**Work to be completed:** Set down a true copy of the data, with all pictures left out.

**Web page caption snippets:**
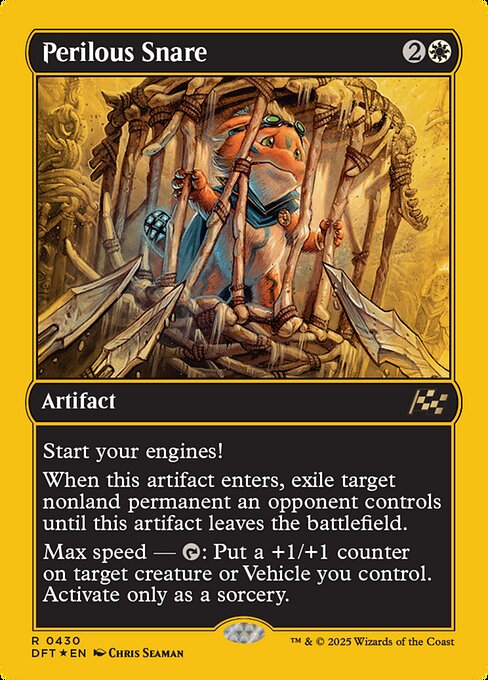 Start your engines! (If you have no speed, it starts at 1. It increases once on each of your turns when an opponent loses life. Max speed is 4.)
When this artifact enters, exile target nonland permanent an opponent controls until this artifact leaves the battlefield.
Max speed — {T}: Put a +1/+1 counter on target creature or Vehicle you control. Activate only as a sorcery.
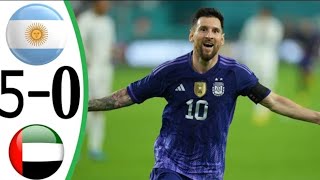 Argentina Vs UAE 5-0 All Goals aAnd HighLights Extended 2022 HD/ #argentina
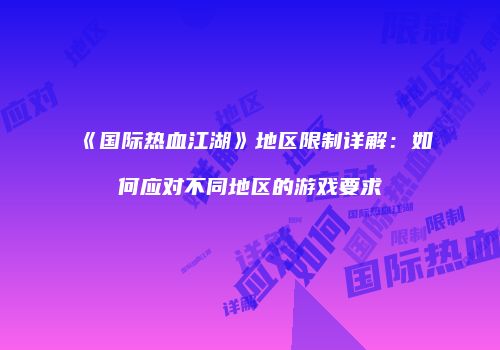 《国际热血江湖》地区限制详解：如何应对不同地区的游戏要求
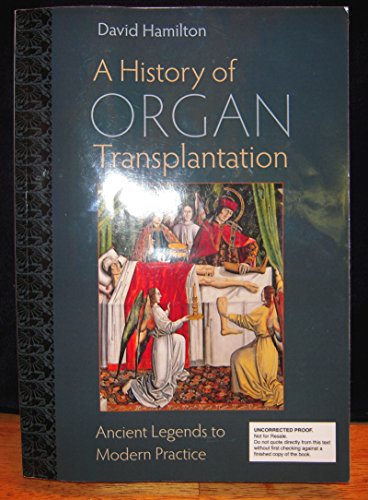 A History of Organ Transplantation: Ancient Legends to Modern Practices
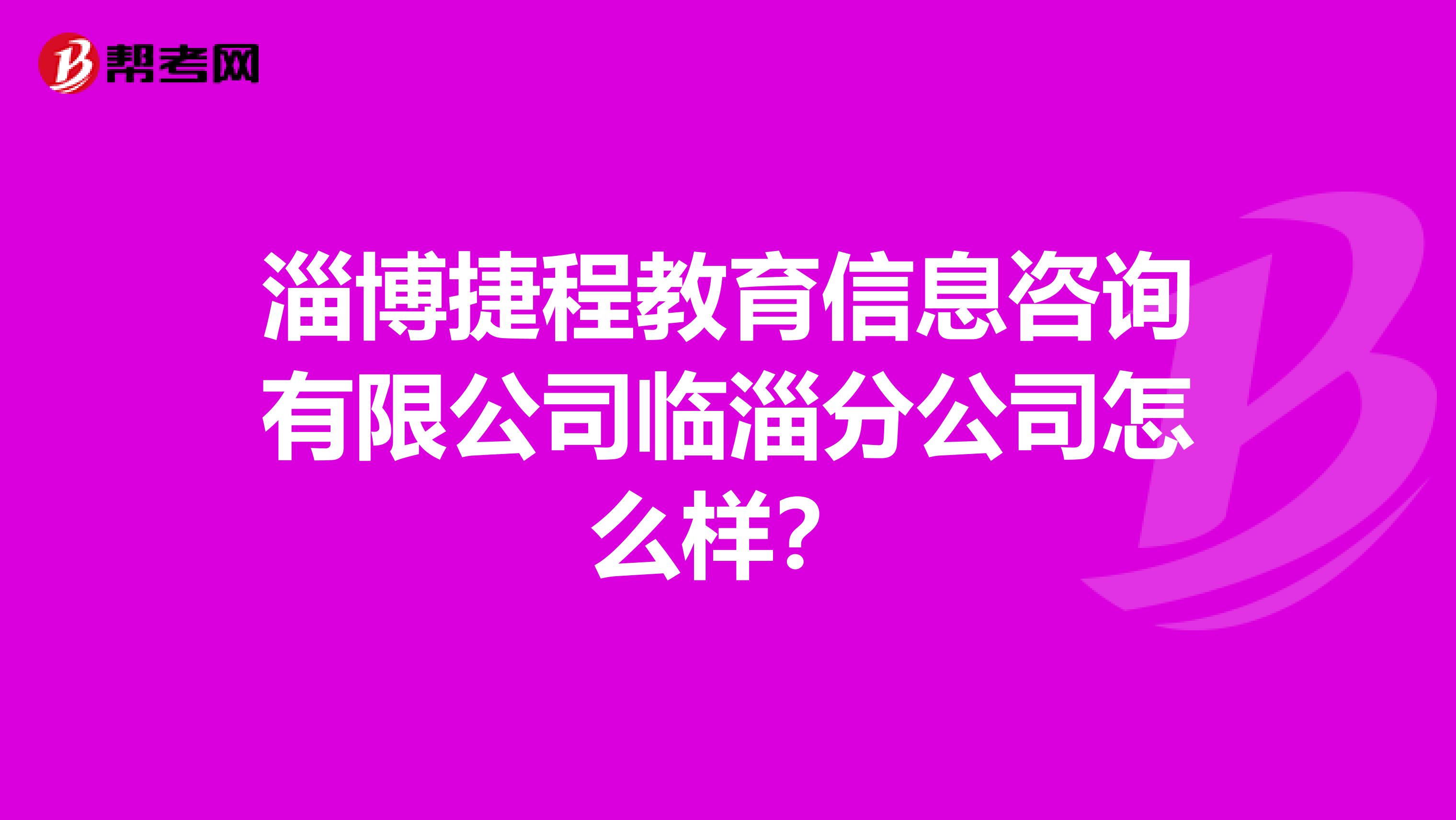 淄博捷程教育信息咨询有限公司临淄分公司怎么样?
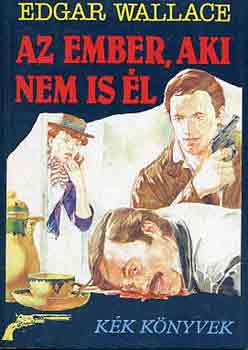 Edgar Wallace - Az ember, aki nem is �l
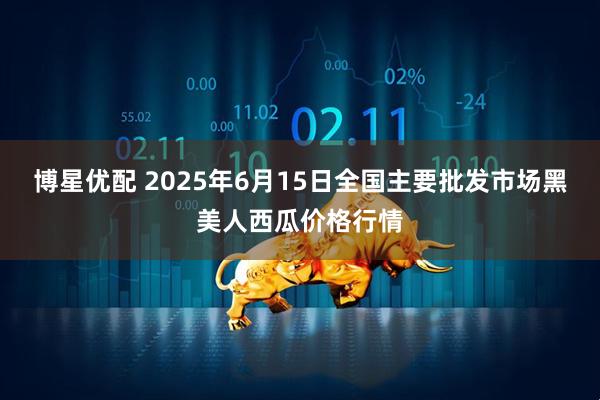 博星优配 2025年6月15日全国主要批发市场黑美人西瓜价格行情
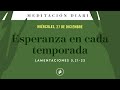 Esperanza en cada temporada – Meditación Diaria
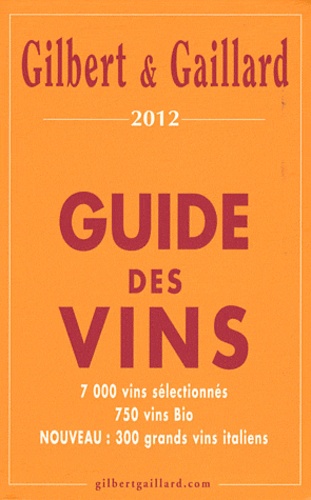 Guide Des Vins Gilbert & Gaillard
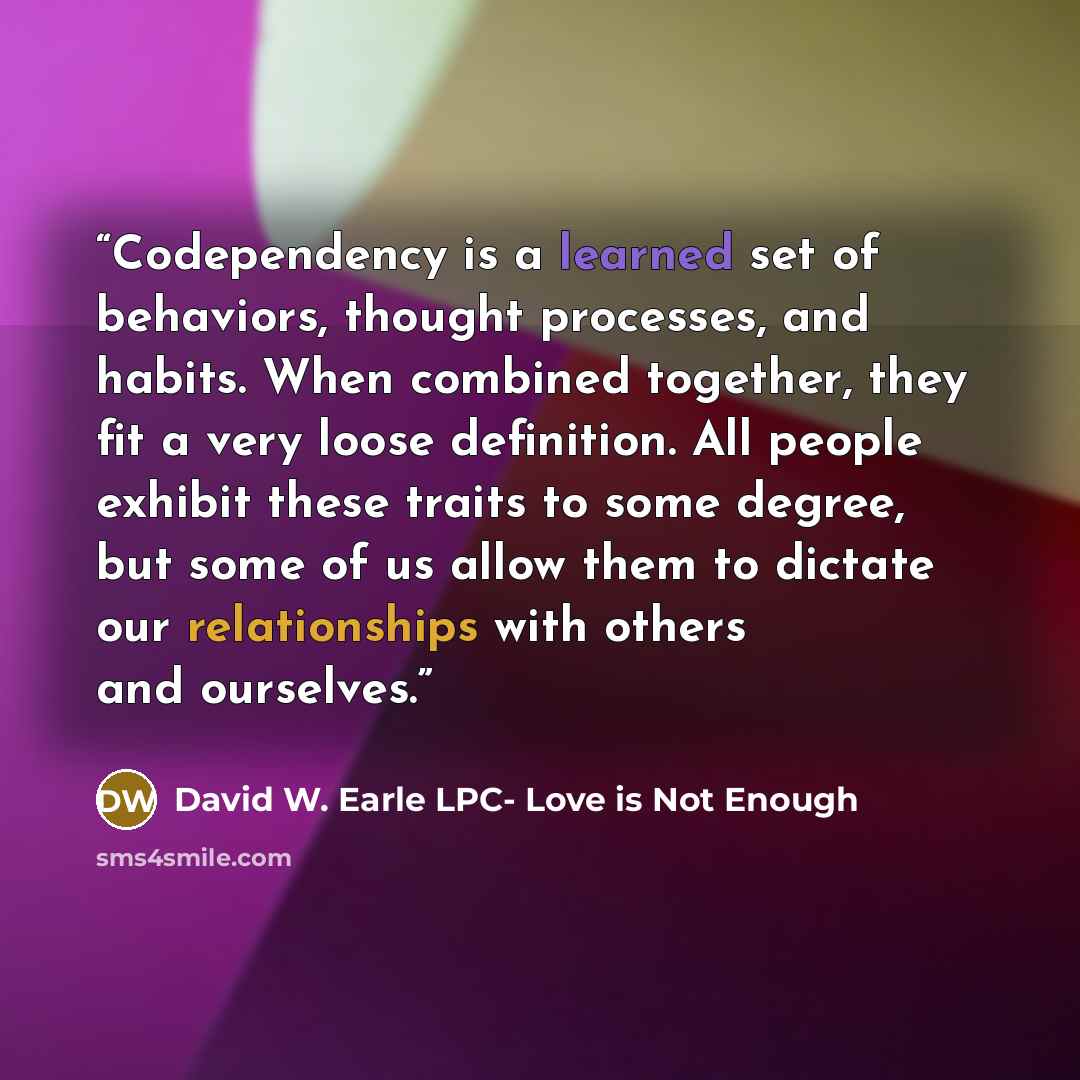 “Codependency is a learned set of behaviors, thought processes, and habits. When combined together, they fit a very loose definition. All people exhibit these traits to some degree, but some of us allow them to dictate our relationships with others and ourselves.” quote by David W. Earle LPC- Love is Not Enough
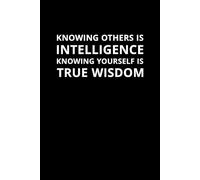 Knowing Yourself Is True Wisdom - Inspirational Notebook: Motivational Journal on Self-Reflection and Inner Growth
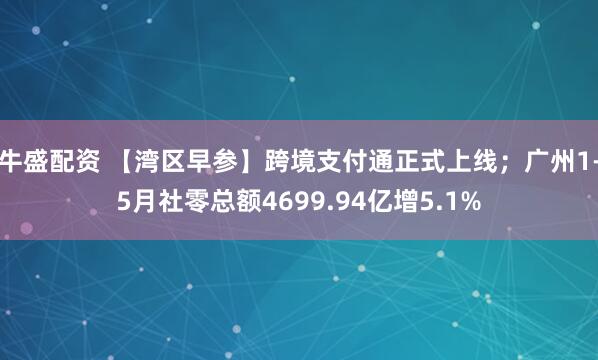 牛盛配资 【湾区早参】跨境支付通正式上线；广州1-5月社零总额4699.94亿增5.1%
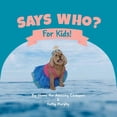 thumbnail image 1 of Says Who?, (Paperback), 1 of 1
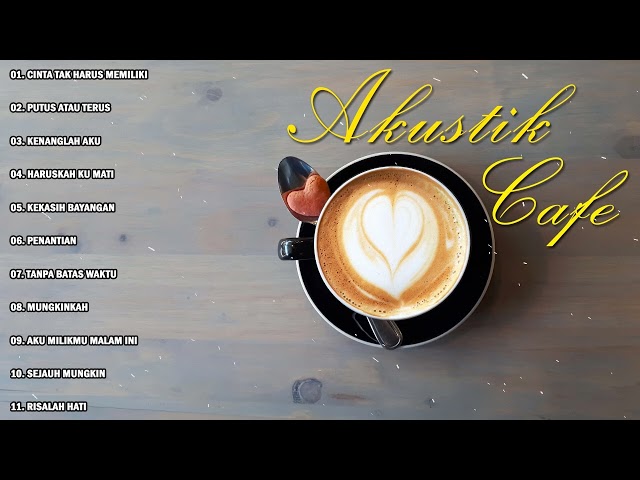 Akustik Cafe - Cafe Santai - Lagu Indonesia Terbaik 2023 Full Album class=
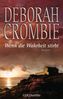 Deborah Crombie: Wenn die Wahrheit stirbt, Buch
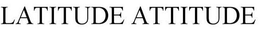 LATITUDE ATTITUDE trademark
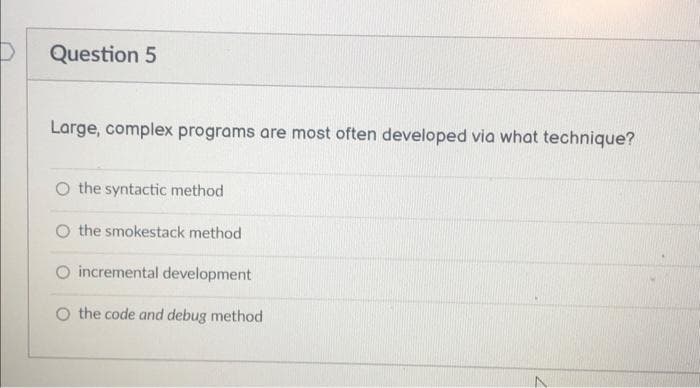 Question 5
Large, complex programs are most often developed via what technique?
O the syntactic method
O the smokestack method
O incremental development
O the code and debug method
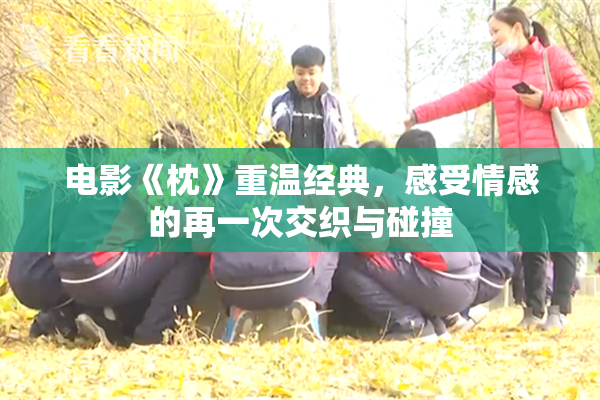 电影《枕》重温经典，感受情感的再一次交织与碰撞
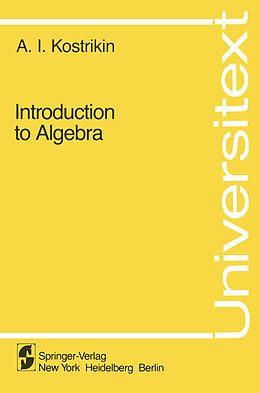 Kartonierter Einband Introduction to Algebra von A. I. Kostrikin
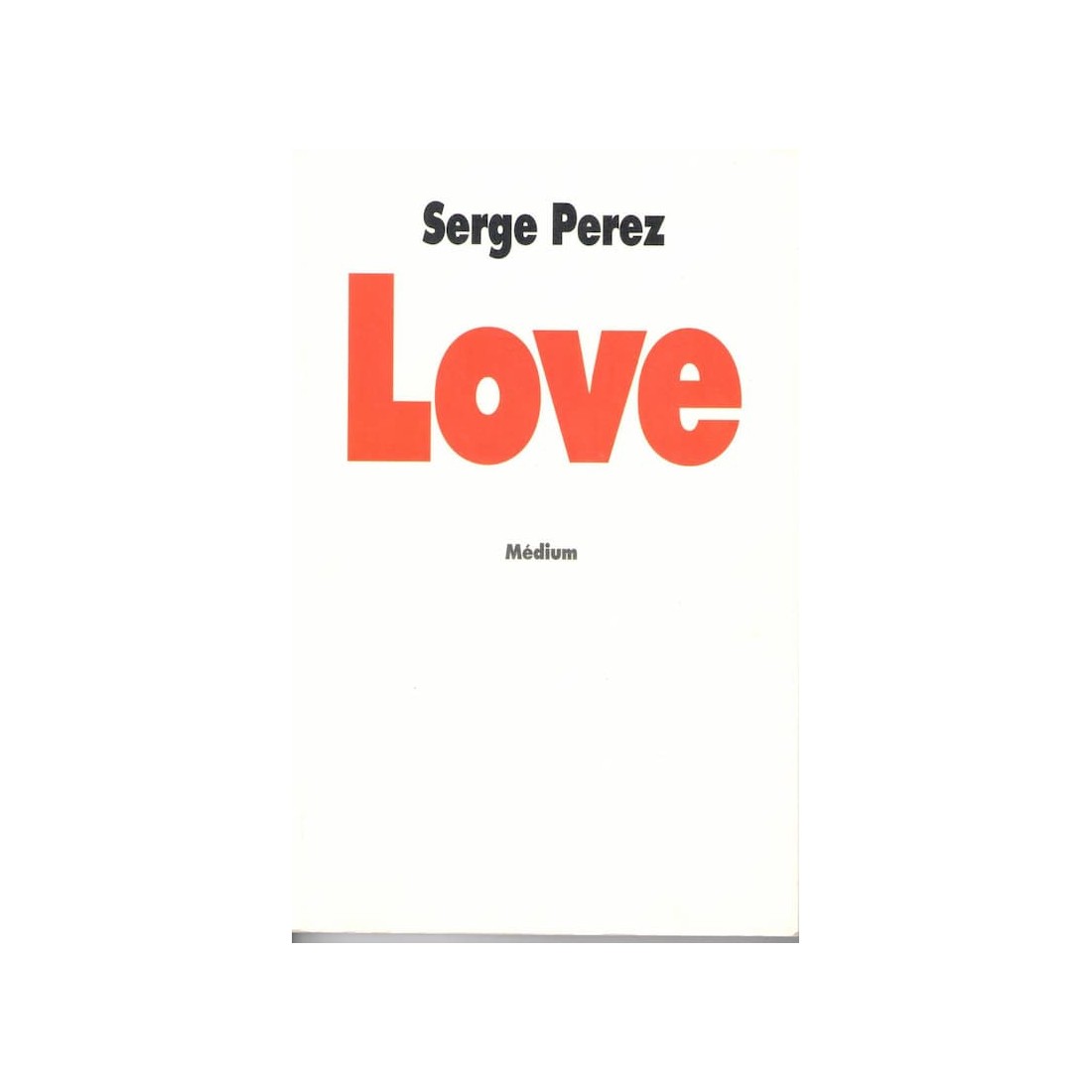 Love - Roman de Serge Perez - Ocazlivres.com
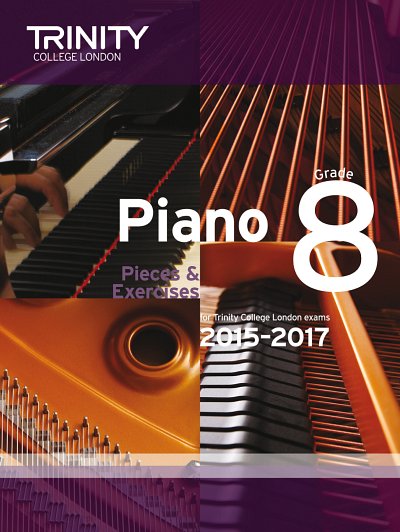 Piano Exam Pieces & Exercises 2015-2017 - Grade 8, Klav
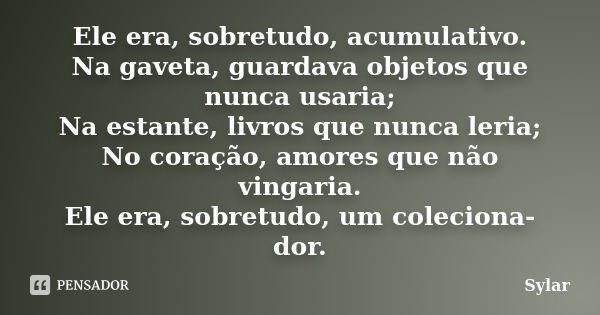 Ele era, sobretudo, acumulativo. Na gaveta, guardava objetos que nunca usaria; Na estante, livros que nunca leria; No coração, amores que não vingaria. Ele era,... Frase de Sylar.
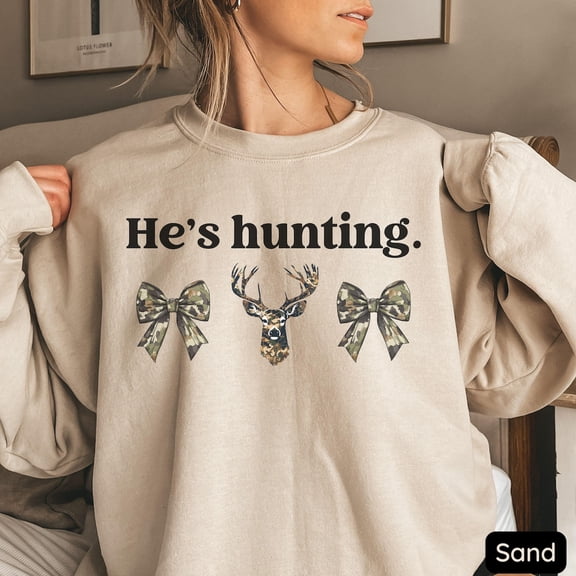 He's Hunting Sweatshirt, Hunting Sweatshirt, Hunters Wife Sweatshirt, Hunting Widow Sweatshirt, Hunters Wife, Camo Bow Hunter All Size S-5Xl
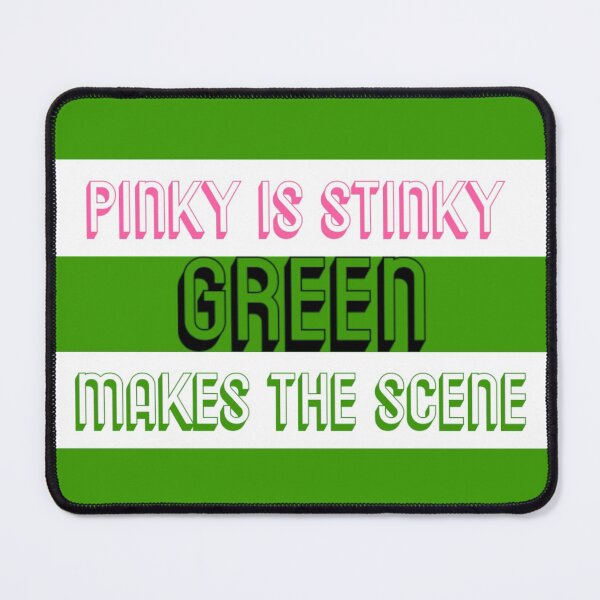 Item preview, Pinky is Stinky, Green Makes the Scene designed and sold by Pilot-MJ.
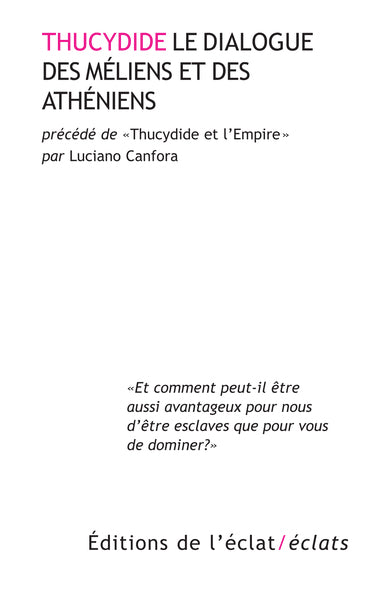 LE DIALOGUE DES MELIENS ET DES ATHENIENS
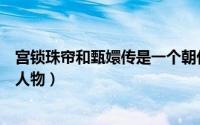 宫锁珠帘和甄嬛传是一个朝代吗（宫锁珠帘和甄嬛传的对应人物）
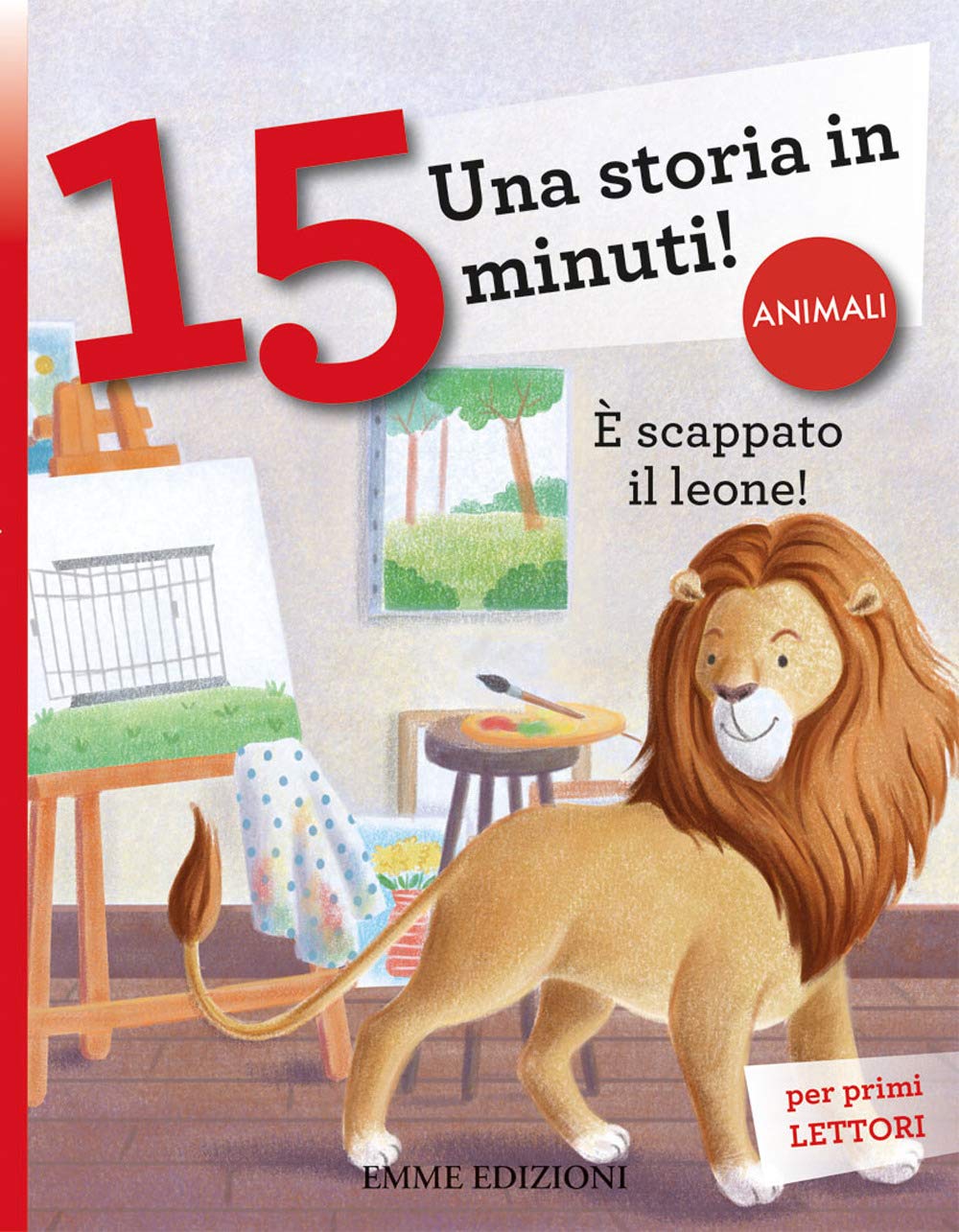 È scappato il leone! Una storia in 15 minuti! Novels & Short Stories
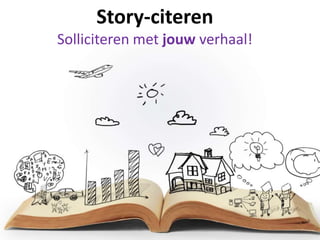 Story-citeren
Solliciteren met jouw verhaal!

**Solution to the exercise:**
 Start your engines! (If you have no speed, it starts at 1. It increases once on each of your turns when an opponent loses life. Max speed is 4.)
When this artifact enters, exile target nonland permanent an opponent controls until this artifact leaves the battlefield.
Max speed — {T}: Put a +1/+1 counter on target creature or Vehicle you control. Activate only as a sorcery.
 Argentina Vs UAE 5-0 All Goals aAnd HighLights Extended 2022 HD/ #argentina
 《国际热血江湖》地区限制详解：如何应对不同地区的游戏要求
 A History of Organ Transplantation: Ancient Legends to Modern Practices
 淄博捷程教育信息咨询有限公司临淄分公司怎么样?
 Edgar Wallace - Az ember, aki nem is �l
 博星优配 2025年6月15日全国主要批发市场黑美人西瓜价格行情
 Esperanza en cada temporada – Meditación Diaria
 Guide Des Vins Gilbert & Gaillard
 “Codependency is a learned set of behaviors, thought processes, and habits. When combined together, they fit a very loose definition. All people exhibit these traits to some degree, but some of us allow them to dictate our relationships with others and ourselves.” quote by David W. Earle LPC- Love is Not Enough
 Knowing Yourself Is True Wisdom - Inspirational Notebook: Motivational Journal on Self-Reflection and Inner Growth
 牛盛配资 【湾区早参】跨境支付通正式上线；广州1-5月社零总额4699.94亿增5.1%
 thumbnail image 1 of Says Who?, (Paperback), 1 of 1
 Akustik Cafe - Cafe Santai - Lagu Indonesia Terbaik 2023 Full Album class=
 Deborah Crombie: Wenn die Wahrheit stirbt, Buch
 LATITUDE ATTITUDE trademark
 Question 5
Large, complex programs are most often developed via what technique?
O the syntactic method
O the smokestack method
O incremental development
O the code and debug method
 电影《枕》重温经典，感受情感的再一次交织与碰撞
 Kartonierter Einband Introduction to Algebra von A. I. Kostrikin
 Love - Roman de Serge Perez - Ocazlivres.com
 Piano Exam Pieces & Exercises 2015-2017 - Grade 8, Klav
 Ele era, sobretudo, acumulativo. Na gaveta, guardava objetos que nunca usaria; Na estante, livros que nunca leria; No coração, amores que não vingaria. Ele era,... Frase de Sylar.
 He's Hunting Sweatshirt, Hunting Sweatshirt, Hunters Wife Sweatshirt, Hunting Widow Sweatshirt, Hunters Wife, Camo Bow Hunter All Size S-5Xl
 Item preview, Pinky is Stinky, Green Makes the Scene designed and sold by Pilot-MJ.
 LE DIALOGUE DES MELIENS ET DES ATHENIENS
 宫锁珠帘和甄嬛传是一个朝代吗（宫锁珠帘和甄嬛传的对应人物）
 È scappato il leone! Una storia in 15 minuti! Novels & Short Stories
 Story-citeren
Solliciteren met jouw verhaal!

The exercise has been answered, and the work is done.